Data for this task Block Start

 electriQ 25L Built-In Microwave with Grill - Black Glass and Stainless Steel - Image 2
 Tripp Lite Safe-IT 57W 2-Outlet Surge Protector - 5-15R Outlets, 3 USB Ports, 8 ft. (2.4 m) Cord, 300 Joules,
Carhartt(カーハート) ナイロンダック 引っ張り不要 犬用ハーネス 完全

Data for this task Block End
Data for this task Block Start

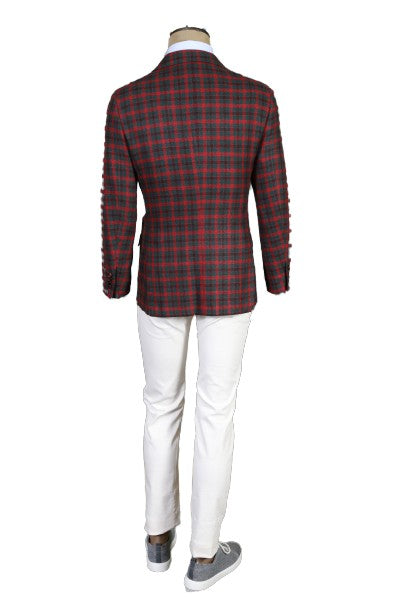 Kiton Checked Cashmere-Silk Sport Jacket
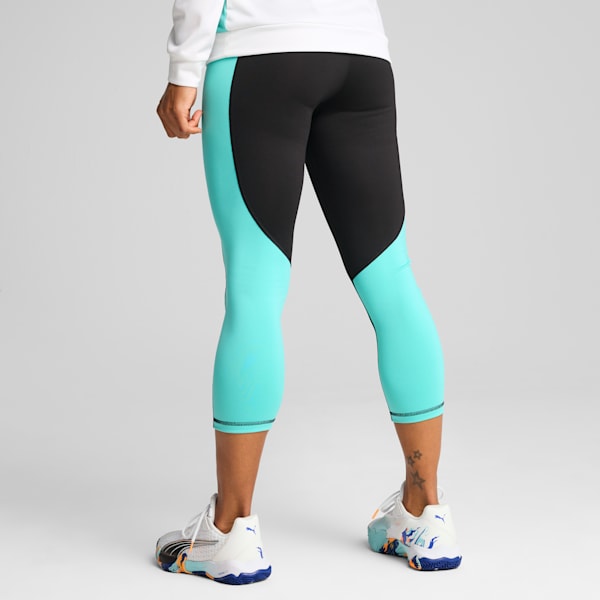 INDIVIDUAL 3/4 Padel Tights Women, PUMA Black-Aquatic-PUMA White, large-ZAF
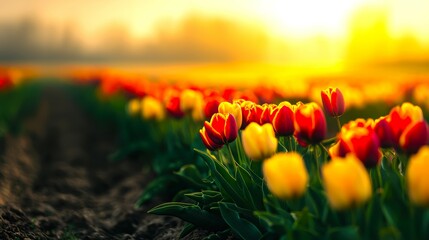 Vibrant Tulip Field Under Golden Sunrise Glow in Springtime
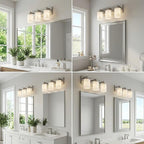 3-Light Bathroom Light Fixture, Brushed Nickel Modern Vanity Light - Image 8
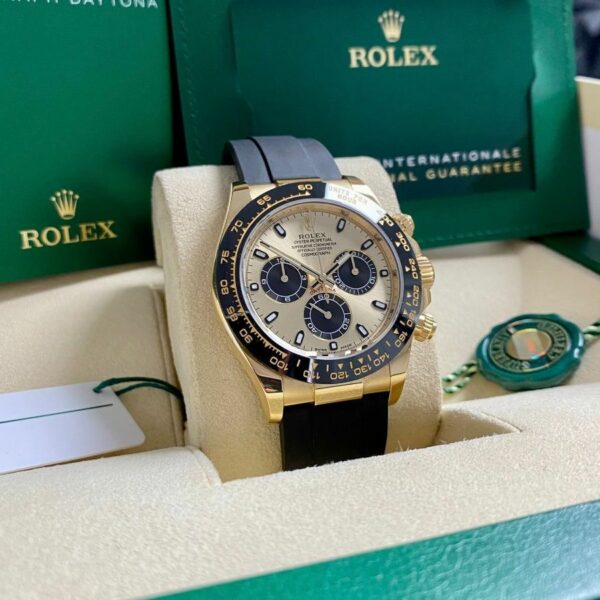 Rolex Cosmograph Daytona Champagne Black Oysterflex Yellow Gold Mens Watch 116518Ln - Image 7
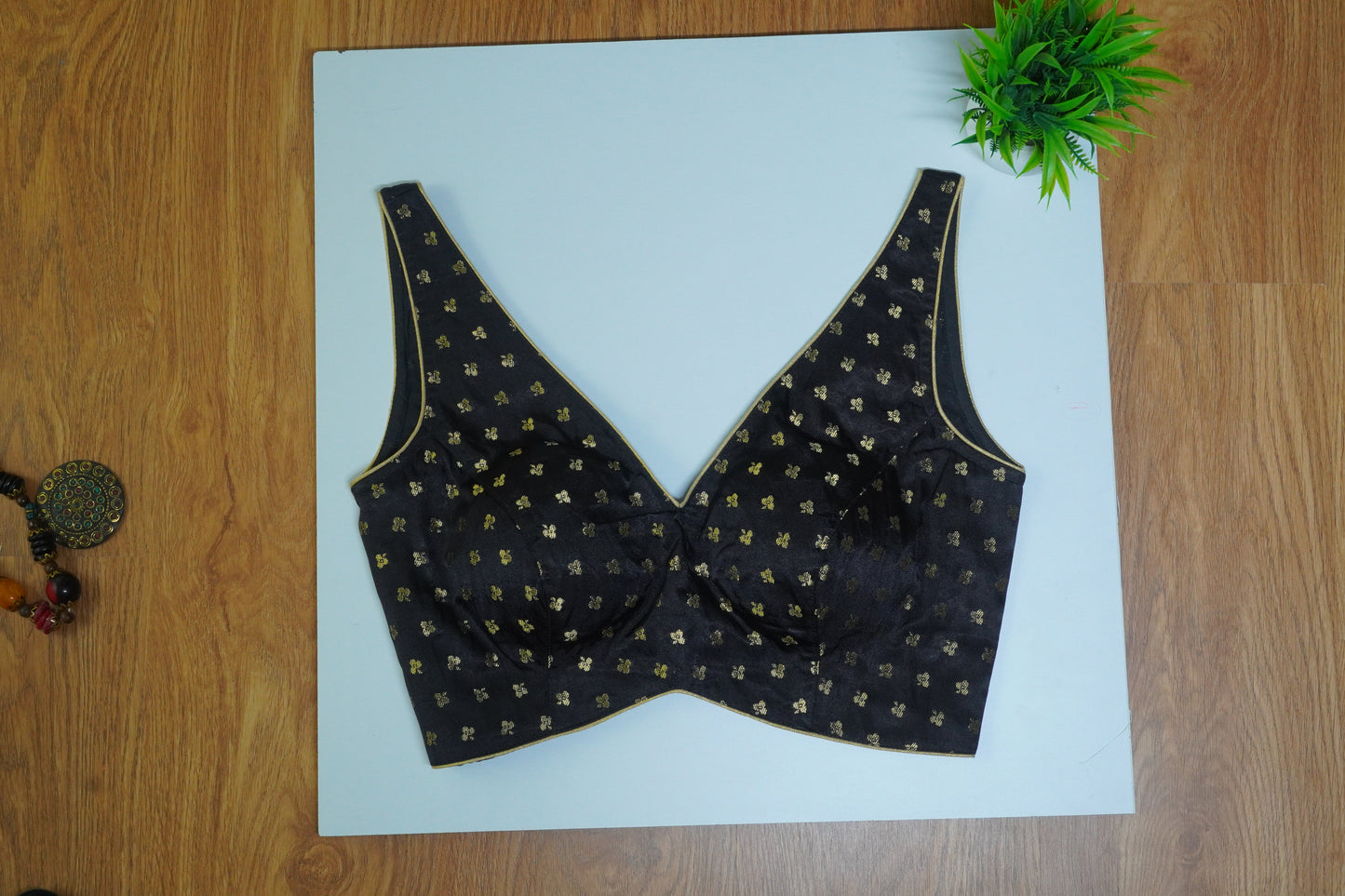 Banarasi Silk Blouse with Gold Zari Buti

Data for this task Block End

Starting at the line containing "Rolex Cosmograph Daytona" and stopping at the line containing "Banarasi Silk Blouse with Gold Zari Buti", output every line above exactly, both ends included, with pictures omitted.

 Rolex Cosmograph Daytona Champagne Black Oysterflex Yellow Gold Mens Watch 116518Ln - Image 7
 Banarasi Silk Blouse with Gold Zari Buti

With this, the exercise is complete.